GOAL OF THE EXERCISE
Copy nothing before the line containing "11182 Barney Gulch". Reproduce that line and all that follow, exactly, through the end of the records.

EXTRACTED ENTRIES
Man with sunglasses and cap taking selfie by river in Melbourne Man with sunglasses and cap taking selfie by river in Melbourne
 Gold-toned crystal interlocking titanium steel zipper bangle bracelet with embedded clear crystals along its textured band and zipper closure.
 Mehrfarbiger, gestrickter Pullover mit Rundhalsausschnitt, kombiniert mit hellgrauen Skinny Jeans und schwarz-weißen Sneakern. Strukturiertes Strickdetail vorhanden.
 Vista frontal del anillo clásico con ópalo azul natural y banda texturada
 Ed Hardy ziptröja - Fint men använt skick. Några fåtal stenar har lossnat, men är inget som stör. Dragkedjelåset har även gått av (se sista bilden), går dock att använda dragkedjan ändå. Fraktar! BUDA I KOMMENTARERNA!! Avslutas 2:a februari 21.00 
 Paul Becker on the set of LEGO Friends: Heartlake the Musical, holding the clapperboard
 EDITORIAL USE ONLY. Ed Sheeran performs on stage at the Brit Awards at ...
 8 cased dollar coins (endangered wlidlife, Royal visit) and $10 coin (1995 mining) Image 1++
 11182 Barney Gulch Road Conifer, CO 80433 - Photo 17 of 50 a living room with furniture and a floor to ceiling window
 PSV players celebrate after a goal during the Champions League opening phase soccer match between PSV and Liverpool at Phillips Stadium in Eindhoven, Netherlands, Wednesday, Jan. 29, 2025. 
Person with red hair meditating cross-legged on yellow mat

OUTPUT OF THE TASK
 11182 Barney Gulch Road Conifer, CO 80433 - Photo 17 of 50 a living room with furniture and a floor to ceiling window
 PSV players celebrate after a goal during the Champions League opening phase soccer match between PSV and Liverpool at Phillips Stadium in Eindhoven, Netherlands, Wednesday, Jan. 29, 2025. 
Person with red hair meditating cross-legged on yellow mat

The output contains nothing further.